Dataset records

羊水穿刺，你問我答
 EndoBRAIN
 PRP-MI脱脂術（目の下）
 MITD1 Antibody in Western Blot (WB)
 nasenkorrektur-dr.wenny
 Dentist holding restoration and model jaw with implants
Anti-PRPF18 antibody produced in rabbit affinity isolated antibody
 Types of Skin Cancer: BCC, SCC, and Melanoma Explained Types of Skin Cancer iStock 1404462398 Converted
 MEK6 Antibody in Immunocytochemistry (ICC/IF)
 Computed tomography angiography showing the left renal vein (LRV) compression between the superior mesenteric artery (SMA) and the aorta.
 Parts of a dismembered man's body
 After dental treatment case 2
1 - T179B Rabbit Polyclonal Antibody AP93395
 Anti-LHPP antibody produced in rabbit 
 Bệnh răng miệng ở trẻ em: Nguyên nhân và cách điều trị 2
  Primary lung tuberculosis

*Task brief*. Lines with "produced" in the records: how many are there? Give only the number.

*Task answer*. 2